As a summary, Regarding this second set of symptoms, there may be :
At a behavioral level
On a psychological level
On an emotional level
Intervention in eating disorders: objectives of the first personalized attention
In a generic approach to intervention in ED, the following guidelines can be a useful guide to offer a first individualized attention depending on the case that is presented:
1. An approach to the problem. In this first contact, a questionnaire is completed to acquire the greatest volume of information regarding the history and course of the disorder.
2. Awareness. Allow the patient to gain adequate insight into the deviant behaviors related to the disorder so that she can become aware of the vital risk derived from them.
3. Motivation towards treatment. Raising awareness about the importance of turning to a specialized clinical psychology and psychiatry professional is a fundamental step to guarantee a greater probability of therapeutic success, as well as early detection of incipient symptoms can be a great predictor of positive evolution of the disease. .
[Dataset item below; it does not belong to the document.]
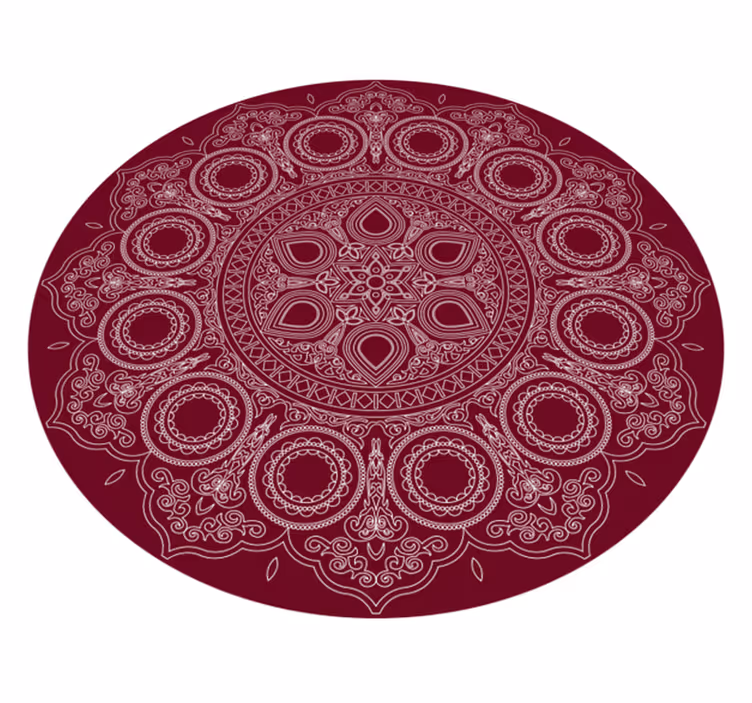 Tapete vinílico de mandala motivo vermelho bordô - TenStickers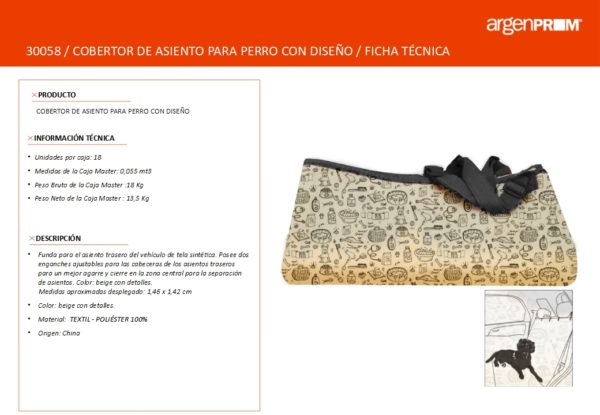 COBERTOR DE ASIENTO PARA PERRO CON DISEÑO - Image 2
4. Information on intervention resources. Offering addresses of interest may be useful to increase the perception of social support received, such as associations of ED patients attending group therapy groups.
5. Bibliographic recommendation. Reading certain self-help manuals may be indicated, both for the patients themselves and for their closest relatives.
By way of conclusion
Given the complex nature of this type of psychopathology and the powerful maintaining factors that make a favorable evolution of these disorders extremely difficult, early detection of the first manifestations seems essential as well as guaranteeing a multicomponent and multidisciplinary intervention that covers both all the altered components (physical, cognitive, emotional and behavioral) as well as the extensive set of vital areas affected.